### EXCERPTED RECORDS
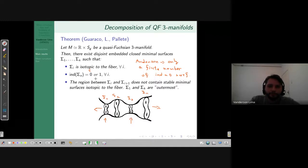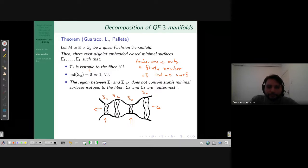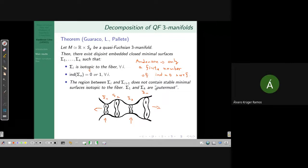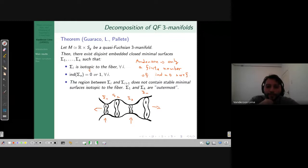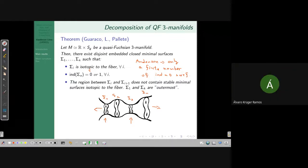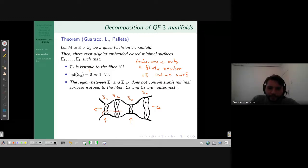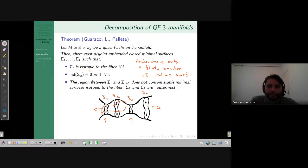To produce the index-one surfaces, we use min-max theory for the area functional. The idea: given two stable critical points for the area, do a mountain-pass argument to produce a third critical point in the middle. This theory has seen great development in recent years. The particular result I need combines work of many people: the setup is due to Simon–Smith, we need the index estimate by Marques–Neves, and to actually produce something isotopic to the original surface I need a recent result of Ketover. Using this theory we produce a minimal surface isotopic to the original fiber, which has index one because of the decomposition — it sits in a region containing no other stable surface. Outermost means no other minimal surfaces isotopic to the fiber in that region; there may be complicated surfaces not isotopic to the fiber.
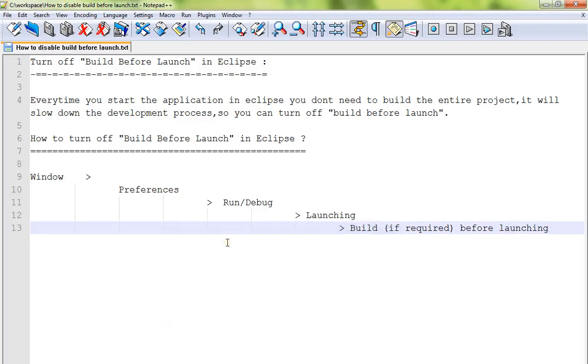Hi friends, in this video I'm going to talk about how to turn off the build before launch option in Eclipse. Every time you start the application in Eclipse, you don't need to build the entire project because it's a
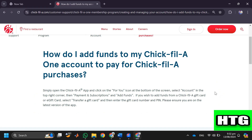Simply open the Chick-fil-a app and click on the 'For You' icon at the bottom of the screen. Then select 'Account' in the top right corner, then 'Payment and Subscriptions', and then 'Add Funds'.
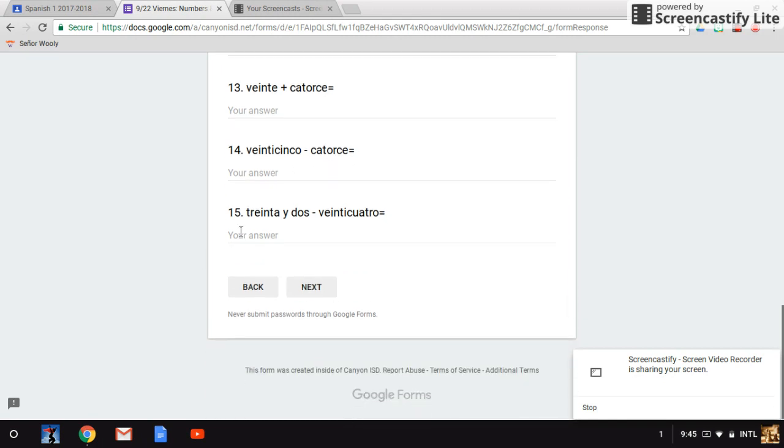Fifteen: treinta y dos menos veinticuatro.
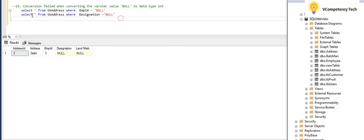So what is the 15th error? Conversion failed when converting the varchar value null in a single quote to data type int.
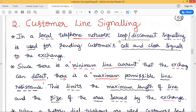This continuous signal will be disconnected, connected, and disconnected again — we call it mark and disconnect. By doing such things, particular information is transmitted from the customer end to the exchange. There exists a minimum line current that the exchange can detect; beyond this minimum level, if a smaller line current is reaching, such line current will not be detected by the exchange. If we have a certain minimum line current that needs to be detected, we will have a corresponding maximum permissible line resistance.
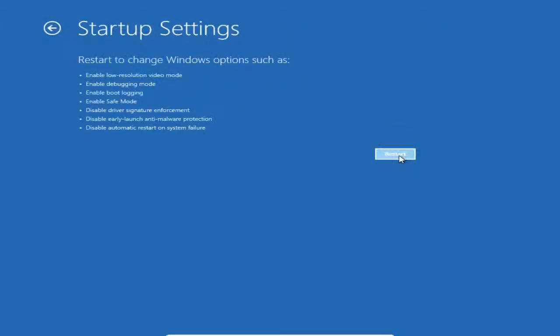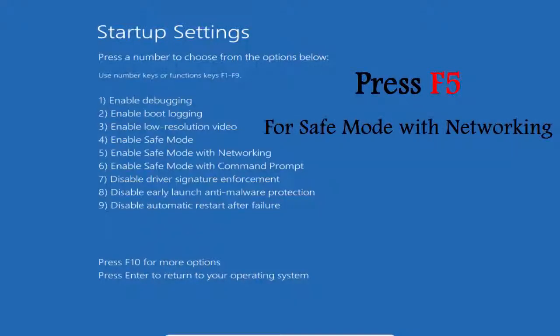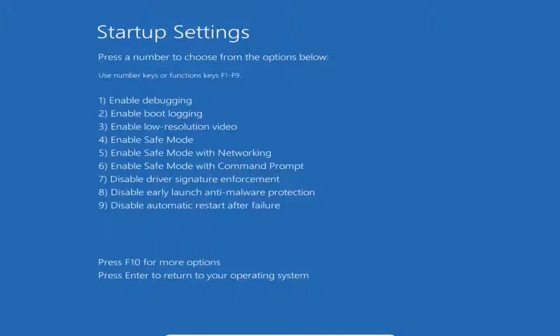Now we can see that when the system restarted, we have options like enable debugging and enable boot logging. We can see option 6 which is enable safe mode with networking, and also enable safe mode with command prompt. Since we need to start Windows 10 in safe mode with networking, press F5 to choose this option.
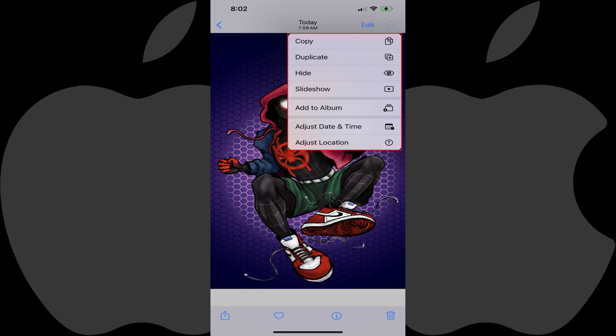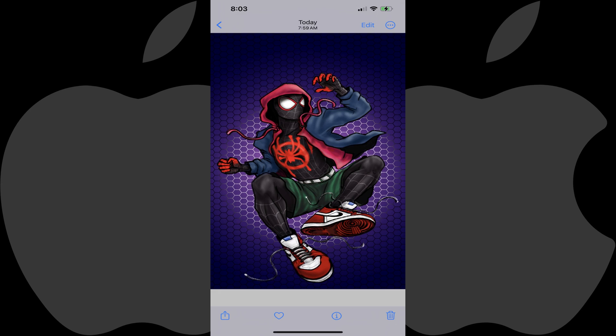Step 3: Tap Duplicate in this menu. The menu will close, and the duplicate of the image will be located next to the original image in your iPhone or iPad Photos app.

### WHAT YOU ARE ASKED TO DO
Print every entry exactly. Pictures are not part of the copy.

### RESPONSE TO THE TASK
To produce the index-one surfaces, we use min-max theory for the area functional. The idea: given two stable critical points for the area, do a mountain-pass argument to produce a third critical point in the middle. This theory has seen great development in recent years. The particular result I need combines work of many people: the setup is due to Simon–Smith, we need the index estimate by Marques–Neves, and to actually produce something isotopic to the original surface I need a recent result of Ketover. Using this theory we produce a minimal surface isotopic to the original fiber, which has index one because of the decomposition — it sits in a region containing no other stable surface. Outermost means no other minimal surfaces isotopic to the fiber in that region; there may be complicated surfaces not isotopic to the fiber.
Hi friends, in this video I'm going to talk about how to turn off the build before launch option in Eclipse. Every time you start the application in Eclipse, you don't need to build the entire project because it's a
Simply open the Chick-fil-a app and click on the 'For You' icon at the bottom of the screen. Then select 'Account' in the top right corner, then 'Payment and Subscriptions', and then 'Add Funds'.
Fifteen: treinta y dos menos veinticuatro.
So what is the 15th error? Conversion failed when converting the varchar value null in a single quote to data type int.
This continuous signal will be disconnected, connected, and disconnected again — we call it mark and disconnect. By doing such things, particular information is transmitted from the customer end to the exchange. There exists a minimum line current that the exchange can detect; beyond this minimum level, if a smaller line current is reaching, such line current will not be detected by the exchange. If we have a certain minimum line current that needs to be detected, we will have a corresponding maximum permissible line resistance.
Now we can see that when the system restarted, we have options like enable debugging and enable boot logging. We can see option 6 which is enable safe mode with networking, and also enable safe mode with command prompt. Since we need to start Windows 10 in safe mode with networking, press F5 to choose this option.
Step 3: Tap Duplicate in this menu. The menu will close, and the duplicate of the image will be located next to the original image in your iPhone or iPad Photos app.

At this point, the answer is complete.